Horton Beebe-Center (middle) with former EF president Charles Maynes (right) in Russia in the early 1990sAs the Foundation’s first field officer, Mr. Beebe-Center opened its office in Moscow in 1993 and later served as its sixth president in Washington, D.C. Mr. Beebe-Center managed EF’s localization initiative, transforming 20 field offices into locally chartered, autonomous institutions covering the entire Eurasia region. More recently, the team led by Mr. Beebe-Center won the Foundation’s largest competed project – an anticorruption through eGovernment initiative in Ukraine, funded by USAID and UK aid and implemented in cooperation with a coalition of Ukrainian nonprofits and the government of Ukraine.  

"In 1993, I was tasked with establishing offices that were to operate programs promoting prosperity and stability throughout the newly independent states emerging from the Soviet Union,” said Mr. Beebe-Center. “The idea was to deliver financing, in the form of small grants, directly to local organizations tackling transition and development challenges in their own communities.” 

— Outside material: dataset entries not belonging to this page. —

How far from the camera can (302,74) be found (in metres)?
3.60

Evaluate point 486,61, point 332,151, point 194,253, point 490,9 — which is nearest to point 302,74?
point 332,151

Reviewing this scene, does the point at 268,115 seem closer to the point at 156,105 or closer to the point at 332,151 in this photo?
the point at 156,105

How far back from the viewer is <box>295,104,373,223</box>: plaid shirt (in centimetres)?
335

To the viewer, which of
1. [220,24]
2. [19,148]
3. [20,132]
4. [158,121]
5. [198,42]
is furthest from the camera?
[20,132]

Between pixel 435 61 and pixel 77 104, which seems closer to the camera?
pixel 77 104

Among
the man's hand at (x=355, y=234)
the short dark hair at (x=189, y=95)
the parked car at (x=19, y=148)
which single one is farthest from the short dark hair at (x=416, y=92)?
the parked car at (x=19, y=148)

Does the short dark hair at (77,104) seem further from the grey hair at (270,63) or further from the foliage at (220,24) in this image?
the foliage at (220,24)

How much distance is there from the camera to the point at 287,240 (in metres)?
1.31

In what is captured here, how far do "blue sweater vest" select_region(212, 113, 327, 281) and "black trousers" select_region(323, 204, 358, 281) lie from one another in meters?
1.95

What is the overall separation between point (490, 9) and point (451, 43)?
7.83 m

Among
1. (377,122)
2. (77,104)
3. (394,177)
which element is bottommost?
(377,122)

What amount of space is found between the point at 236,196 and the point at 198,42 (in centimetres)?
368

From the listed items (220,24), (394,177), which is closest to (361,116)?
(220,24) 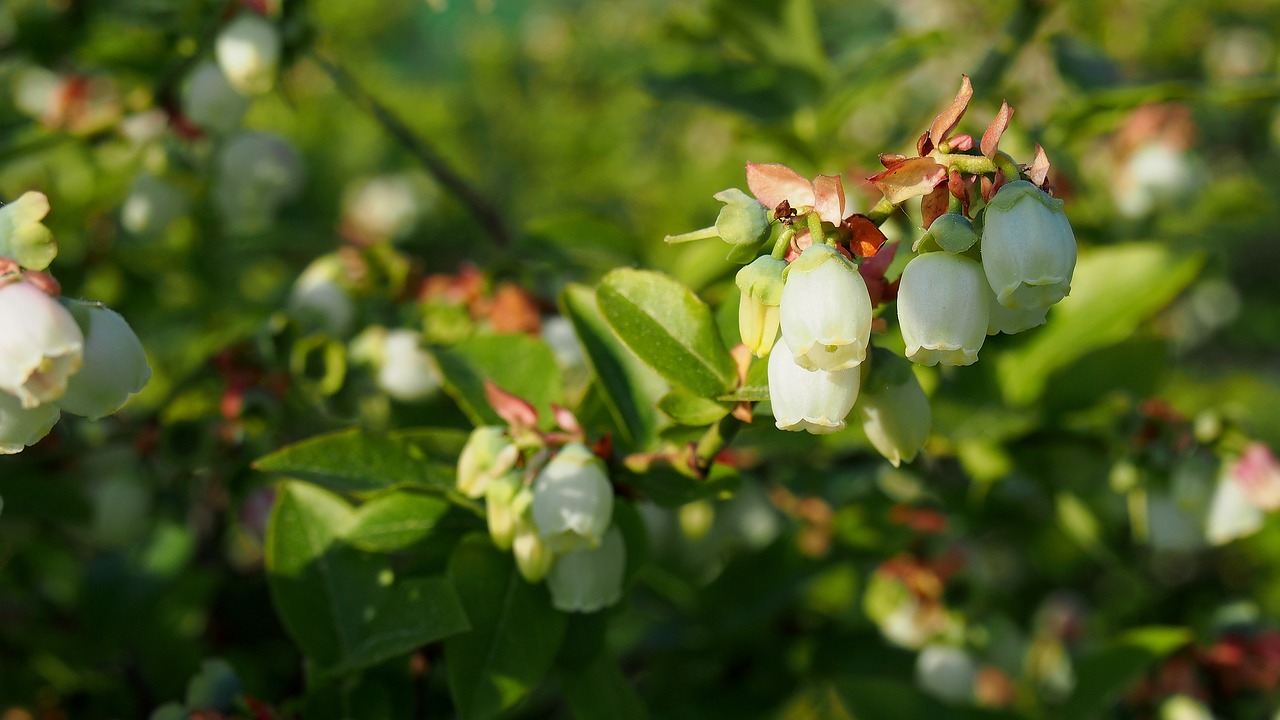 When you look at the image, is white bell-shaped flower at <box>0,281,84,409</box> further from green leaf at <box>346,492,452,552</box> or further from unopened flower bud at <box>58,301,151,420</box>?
green leaf at <box>346,492,452,552</box>

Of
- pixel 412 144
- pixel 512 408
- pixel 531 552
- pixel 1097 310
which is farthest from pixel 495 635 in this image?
pixel 1097 310

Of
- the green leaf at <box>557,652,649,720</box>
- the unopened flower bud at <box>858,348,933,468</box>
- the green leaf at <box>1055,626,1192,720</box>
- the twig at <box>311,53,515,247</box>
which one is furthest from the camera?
the twig at <box>311,53,515,247</box>

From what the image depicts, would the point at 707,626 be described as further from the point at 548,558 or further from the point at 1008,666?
the point at 1008,666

Under his leadership, Eurasia Foundation expanded beyond Eastern Europe and Central Asia to implement programs in China and the Middle East. In 2017, Mr. Beebe-Center led the design and launch of the Gazelle Finance Fund, which provides risk capital to small enterprises in Georgia and Armenia. Gazelle Finance raised more than $30 million in committed capital with investments from Dutch development institutions, the U.S. government, and a Georgian sovereign fund.  

Mr. Beebe-Center also launched the Bill Maynes Fellowship in 2008 to honor the Foundation’s former president. Maynes Fellows come from their home countries throughout the Eurasia region to Washington, D.C. for several weeks of professional development and networking. In 2012, Mr. Beebe-Center developed the concept for the Sarah Carey Program, named for EF’s long-serving chairwoman. This program includes policy forums and the Young Professionals Network, which gathers young people in the DC area who are focused professionally on the Eurasia region and connects them with diplomats, senior policymakers, journalists, and analysts.